▶ [Task brief]:
What the answer must hold is the line containing "肉山×グロリアスチェーンカフェの「自家製ハムのハムカツカレー」（1,000円）" and all lines after it through the end of the listing, copied exactly, with pictures left out.

▶ [Data excerpt]:
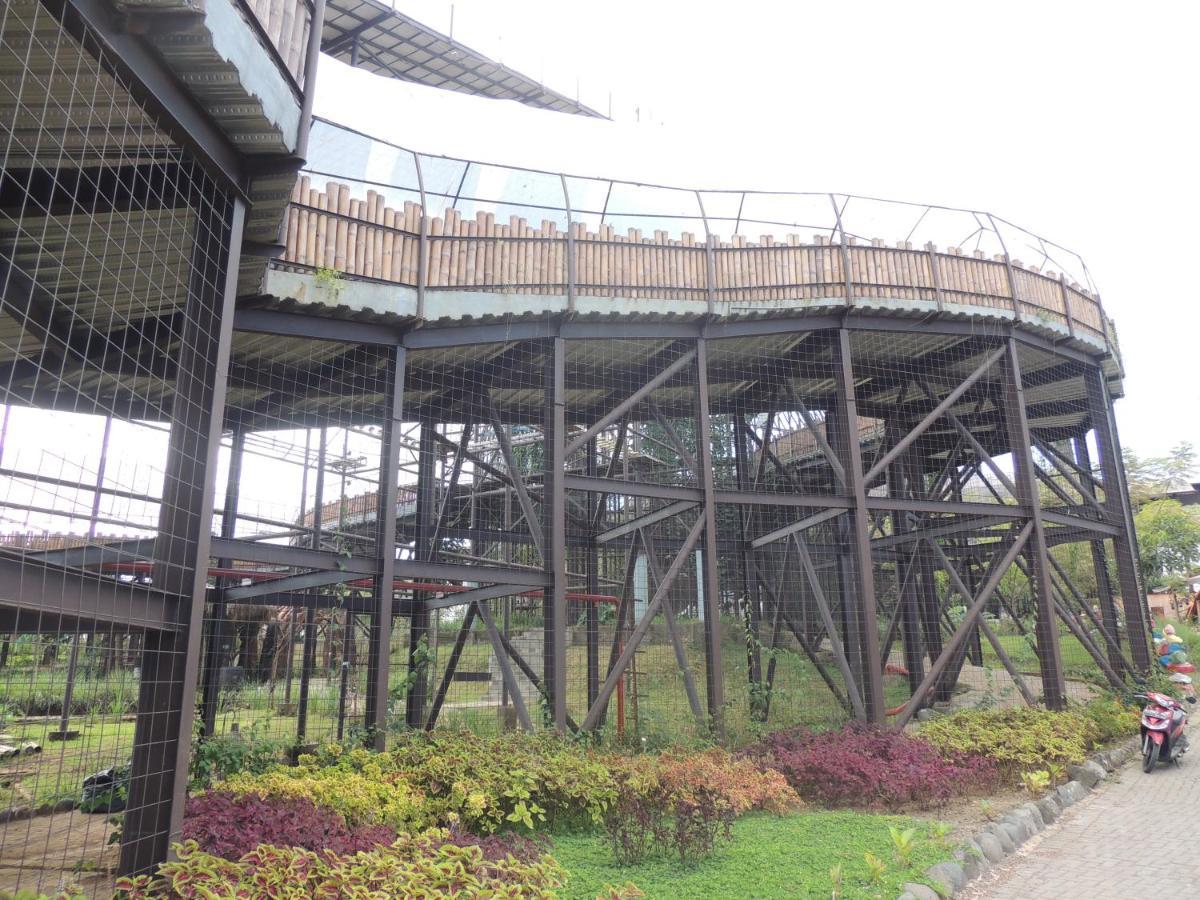 Semilir Glamping Hotel Semarang Exterior foto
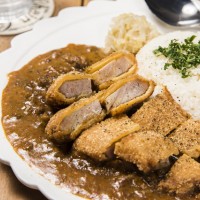 肉山×グロリアスチェーンカフェの「自家製ハムのハムカツカレー」（1,000円）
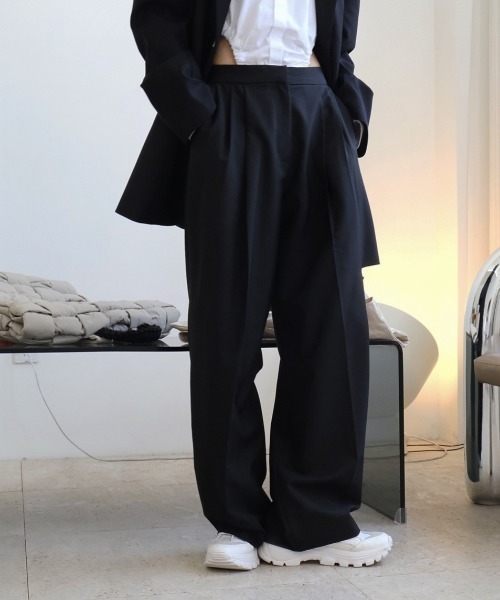 MANGROVE（マングローブ）の「サイドカットアウトワイドレッグパンツ（スラックス・レディース・ブラック/グレー・LARGE/MEDIUM）」の15枚目の写真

▶ [Solution below]:
 肉山×グロリアスチェーンカフェの「自家製ハムのハムカツカレー」（1,000円）
 MANGROVE（マングローブ）の「サイドカットアウトワイドレッグパンツ（スラックス・レディース・ブラック/グレー・LARGE/MEDIUM）」の15枚目の写真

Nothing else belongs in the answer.